- _WHAT YOU HAVE TO DO_: Using the records below, locate all lines containing "vinyl" and return them.

·····

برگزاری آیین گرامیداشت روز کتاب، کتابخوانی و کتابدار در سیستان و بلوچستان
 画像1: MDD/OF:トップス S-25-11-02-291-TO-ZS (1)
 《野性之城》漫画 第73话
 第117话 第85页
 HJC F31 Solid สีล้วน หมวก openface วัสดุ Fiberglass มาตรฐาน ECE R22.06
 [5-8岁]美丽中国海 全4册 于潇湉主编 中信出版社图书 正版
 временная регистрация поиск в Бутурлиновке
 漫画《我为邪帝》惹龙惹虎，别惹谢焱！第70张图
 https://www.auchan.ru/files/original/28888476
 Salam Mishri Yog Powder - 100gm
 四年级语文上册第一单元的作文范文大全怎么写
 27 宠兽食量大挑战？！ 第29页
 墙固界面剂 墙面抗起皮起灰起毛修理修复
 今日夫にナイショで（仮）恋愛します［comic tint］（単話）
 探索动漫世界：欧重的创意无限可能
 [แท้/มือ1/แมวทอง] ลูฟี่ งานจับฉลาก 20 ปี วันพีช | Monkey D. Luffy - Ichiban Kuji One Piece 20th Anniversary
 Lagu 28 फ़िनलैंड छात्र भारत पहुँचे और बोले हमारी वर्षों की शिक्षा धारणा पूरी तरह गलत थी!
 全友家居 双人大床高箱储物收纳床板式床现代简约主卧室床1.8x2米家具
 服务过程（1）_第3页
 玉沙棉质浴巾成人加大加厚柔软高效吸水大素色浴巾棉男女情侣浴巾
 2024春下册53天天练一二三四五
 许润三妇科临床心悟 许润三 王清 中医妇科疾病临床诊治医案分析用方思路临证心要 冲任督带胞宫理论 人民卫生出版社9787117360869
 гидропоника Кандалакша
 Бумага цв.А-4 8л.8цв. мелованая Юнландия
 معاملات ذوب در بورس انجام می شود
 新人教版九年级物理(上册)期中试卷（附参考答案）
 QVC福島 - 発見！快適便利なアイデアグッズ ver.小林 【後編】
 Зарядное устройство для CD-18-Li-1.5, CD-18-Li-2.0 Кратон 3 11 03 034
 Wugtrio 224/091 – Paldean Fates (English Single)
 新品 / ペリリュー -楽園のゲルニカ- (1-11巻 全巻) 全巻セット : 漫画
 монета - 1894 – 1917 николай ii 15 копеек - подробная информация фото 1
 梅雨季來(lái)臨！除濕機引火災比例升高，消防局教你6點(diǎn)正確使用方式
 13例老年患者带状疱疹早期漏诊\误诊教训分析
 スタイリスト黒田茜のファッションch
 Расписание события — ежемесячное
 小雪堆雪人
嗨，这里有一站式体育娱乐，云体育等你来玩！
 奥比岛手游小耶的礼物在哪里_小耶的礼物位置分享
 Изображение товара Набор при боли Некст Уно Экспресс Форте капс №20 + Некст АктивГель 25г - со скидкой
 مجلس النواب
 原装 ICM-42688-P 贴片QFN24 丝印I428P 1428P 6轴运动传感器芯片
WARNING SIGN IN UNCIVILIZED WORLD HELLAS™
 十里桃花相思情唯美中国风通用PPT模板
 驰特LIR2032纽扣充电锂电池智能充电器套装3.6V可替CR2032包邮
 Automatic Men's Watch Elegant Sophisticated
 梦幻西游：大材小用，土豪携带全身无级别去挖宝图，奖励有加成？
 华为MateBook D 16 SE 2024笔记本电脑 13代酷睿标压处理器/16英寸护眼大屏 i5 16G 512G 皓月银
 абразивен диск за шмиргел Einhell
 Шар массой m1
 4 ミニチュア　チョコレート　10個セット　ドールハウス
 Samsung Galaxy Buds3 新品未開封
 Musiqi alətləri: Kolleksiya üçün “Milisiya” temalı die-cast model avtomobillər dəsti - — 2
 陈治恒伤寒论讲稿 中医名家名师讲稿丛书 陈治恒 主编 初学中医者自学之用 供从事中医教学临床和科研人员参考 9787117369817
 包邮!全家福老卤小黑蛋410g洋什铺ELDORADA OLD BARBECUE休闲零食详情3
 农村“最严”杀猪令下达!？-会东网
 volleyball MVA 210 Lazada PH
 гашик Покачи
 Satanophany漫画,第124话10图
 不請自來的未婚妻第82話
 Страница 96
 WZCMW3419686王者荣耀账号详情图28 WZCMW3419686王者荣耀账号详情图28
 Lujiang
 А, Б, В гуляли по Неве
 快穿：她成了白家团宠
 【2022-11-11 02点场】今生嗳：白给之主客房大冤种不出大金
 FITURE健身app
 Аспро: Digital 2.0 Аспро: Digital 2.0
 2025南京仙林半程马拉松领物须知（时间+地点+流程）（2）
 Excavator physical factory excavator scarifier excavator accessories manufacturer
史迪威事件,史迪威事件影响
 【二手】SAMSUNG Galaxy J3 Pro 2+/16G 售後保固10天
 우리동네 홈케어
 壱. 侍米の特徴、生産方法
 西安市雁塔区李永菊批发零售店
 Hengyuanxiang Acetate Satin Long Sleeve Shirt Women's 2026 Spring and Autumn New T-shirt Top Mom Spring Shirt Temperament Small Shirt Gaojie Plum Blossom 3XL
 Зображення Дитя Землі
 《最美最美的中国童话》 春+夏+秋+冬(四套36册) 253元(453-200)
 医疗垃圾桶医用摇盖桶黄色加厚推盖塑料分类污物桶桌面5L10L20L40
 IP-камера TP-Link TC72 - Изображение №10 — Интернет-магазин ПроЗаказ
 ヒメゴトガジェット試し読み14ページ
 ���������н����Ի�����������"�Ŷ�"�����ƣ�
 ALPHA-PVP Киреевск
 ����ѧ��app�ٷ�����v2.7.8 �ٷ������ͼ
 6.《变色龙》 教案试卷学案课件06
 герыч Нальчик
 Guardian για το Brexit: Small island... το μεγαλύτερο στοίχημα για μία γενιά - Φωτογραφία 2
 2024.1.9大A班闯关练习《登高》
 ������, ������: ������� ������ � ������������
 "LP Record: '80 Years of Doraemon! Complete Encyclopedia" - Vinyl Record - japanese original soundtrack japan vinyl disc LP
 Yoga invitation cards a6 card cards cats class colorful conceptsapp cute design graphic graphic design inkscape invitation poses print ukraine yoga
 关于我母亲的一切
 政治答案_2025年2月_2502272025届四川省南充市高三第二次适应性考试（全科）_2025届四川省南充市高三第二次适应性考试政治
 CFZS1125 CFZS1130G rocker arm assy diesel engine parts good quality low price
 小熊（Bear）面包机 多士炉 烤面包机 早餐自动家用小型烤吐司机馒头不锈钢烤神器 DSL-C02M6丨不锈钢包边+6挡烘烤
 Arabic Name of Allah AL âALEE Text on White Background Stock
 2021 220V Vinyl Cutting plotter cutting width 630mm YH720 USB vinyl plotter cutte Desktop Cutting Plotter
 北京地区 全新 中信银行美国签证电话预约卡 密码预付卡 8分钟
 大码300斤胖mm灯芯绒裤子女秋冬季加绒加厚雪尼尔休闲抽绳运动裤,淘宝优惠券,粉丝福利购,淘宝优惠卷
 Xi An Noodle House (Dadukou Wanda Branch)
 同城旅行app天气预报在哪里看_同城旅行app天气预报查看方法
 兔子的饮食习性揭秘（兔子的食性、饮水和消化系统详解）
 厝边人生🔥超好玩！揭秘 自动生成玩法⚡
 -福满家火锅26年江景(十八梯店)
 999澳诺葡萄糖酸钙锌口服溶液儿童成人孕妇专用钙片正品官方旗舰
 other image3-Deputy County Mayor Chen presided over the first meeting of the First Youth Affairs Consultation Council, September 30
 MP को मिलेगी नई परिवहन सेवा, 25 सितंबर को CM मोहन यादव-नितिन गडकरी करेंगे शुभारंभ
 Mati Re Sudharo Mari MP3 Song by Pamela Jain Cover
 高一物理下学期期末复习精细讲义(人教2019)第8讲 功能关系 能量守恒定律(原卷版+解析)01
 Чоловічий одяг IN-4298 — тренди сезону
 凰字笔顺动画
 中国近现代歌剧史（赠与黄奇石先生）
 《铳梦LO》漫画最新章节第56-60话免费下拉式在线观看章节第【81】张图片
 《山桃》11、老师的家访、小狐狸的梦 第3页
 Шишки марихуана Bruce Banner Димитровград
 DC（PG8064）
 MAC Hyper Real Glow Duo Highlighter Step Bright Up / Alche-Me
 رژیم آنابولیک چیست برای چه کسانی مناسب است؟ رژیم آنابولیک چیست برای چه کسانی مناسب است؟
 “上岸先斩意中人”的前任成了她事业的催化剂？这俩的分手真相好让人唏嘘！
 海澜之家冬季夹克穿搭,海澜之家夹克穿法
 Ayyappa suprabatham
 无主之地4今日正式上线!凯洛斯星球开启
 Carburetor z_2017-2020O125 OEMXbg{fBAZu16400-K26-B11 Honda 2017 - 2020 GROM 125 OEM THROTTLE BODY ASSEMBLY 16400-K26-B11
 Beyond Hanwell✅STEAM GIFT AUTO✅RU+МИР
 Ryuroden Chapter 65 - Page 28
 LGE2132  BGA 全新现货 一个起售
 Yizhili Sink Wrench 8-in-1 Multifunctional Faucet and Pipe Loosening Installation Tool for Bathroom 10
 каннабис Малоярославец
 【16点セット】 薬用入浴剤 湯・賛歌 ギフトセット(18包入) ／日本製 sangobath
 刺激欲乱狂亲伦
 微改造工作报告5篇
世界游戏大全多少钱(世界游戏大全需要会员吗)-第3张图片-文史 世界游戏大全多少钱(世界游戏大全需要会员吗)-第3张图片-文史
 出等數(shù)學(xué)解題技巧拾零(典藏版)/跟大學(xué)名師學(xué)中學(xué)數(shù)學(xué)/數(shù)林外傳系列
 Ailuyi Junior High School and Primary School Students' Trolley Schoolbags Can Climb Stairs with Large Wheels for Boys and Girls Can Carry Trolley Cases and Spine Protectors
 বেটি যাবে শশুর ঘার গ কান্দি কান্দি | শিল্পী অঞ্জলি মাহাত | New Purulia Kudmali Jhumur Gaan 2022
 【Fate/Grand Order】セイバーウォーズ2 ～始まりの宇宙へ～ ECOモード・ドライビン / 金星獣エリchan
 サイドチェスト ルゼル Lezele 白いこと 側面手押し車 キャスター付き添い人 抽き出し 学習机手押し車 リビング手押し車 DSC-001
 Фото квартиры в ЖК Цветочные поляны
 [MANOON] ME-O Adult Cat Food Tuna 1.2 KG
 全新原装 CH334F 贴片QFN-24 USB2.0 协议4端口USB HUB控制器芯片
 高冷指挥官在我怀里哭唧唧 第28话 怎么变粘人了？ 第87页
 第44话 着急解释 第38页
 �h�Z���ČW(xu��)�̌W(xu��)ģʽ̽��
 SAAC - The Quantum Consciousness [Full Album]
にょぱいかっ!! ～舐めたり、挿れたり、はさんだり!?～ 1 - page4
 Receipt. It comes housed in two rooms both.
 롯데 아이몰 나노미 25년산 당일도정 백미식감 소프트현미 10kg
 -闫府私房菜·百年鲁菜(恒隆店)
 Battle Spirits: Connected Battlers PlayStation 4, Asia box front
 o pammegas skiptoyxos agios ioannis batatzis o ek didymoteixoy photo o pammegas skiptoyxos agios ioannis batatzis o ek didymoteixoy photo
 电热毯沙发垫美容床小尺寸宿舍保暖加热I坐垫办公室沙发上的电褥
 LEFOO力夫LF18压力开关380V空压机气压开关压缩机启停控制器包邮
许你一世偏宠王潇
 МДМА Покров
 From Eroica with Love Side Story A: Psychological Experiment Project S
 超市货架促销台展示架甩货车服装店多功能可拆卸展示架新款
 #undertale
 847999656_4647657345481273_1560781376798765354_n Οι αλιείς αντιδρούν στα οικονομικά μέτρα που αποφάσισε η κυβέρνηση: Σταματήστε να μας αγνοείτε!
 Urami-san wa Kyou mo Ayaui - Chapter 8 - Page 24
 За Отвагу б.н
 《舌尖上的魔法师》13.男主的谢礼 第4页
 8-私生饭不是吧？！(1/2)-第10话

·····

- _WORKED SOLUTION_:
 "LP Record: '80 Years of Doraemon! Complete Encyclopedia" - Vinyl Record - japanese original soundtrack japan vinyl disc LP
 2021 220V Vinyl Cutting plotter cutting width 630mm YH720 USB vinyl plotter cutte Desktop Cutting Plotter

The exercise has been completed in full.